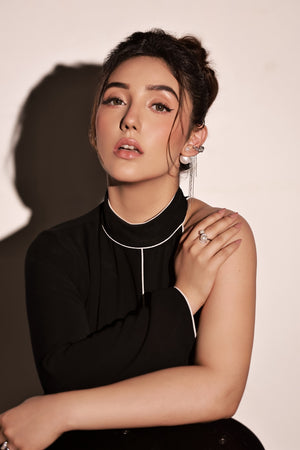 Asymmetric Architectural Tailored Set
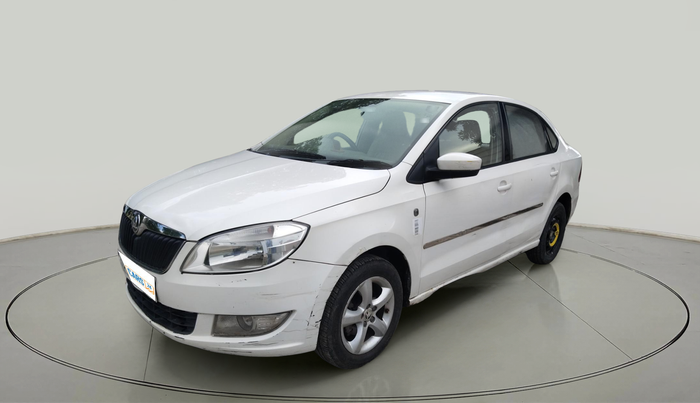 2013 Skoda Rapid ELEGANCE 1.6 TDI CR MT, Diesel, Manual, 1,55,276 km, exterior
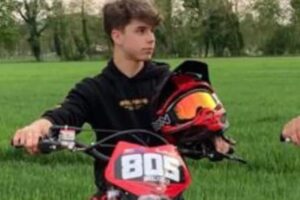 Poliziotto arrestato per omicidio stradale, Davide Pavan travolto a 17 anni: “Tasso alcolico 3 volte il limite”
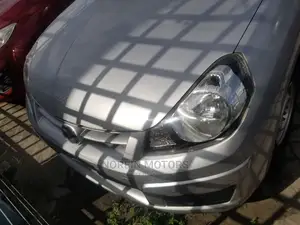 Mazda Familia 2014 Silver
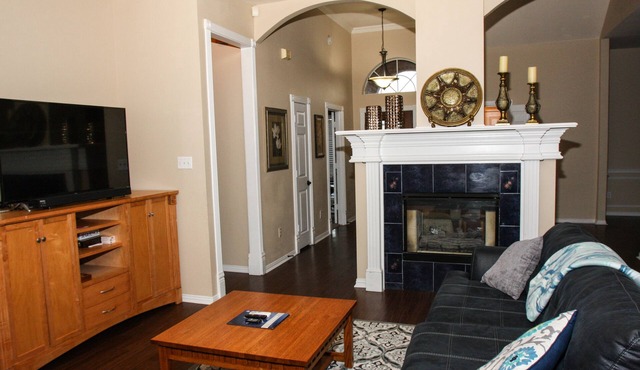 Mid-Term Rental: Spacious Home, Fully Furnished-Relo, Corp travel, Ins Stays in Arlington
...
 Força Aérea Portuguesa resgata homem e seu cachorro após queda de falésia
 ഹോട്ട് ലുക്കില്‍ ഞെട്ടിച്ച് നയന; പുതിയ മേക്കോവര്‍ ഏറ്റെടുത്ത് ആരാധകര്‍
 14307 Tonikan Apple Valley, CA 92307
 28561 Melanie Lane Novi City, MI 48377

### Problem details
In the data above, the stretch from the line with "Poliziotto arrestato per" through the line with "Mid-Term Rental: Spacious" is to be returned exactly, minus any pictures.

### Solution to the problem
 Poliziotto arrestato per omicidio stradale, Davide Pavan travolto a 17 anni: “Tasso alcolico 3 volte il limite”
 Mazda Familia 2014 Silver
 Mid-Term Rental: Spacious Home, Fully Furnished-Relo, Corp travel, Ins Stays in Arlington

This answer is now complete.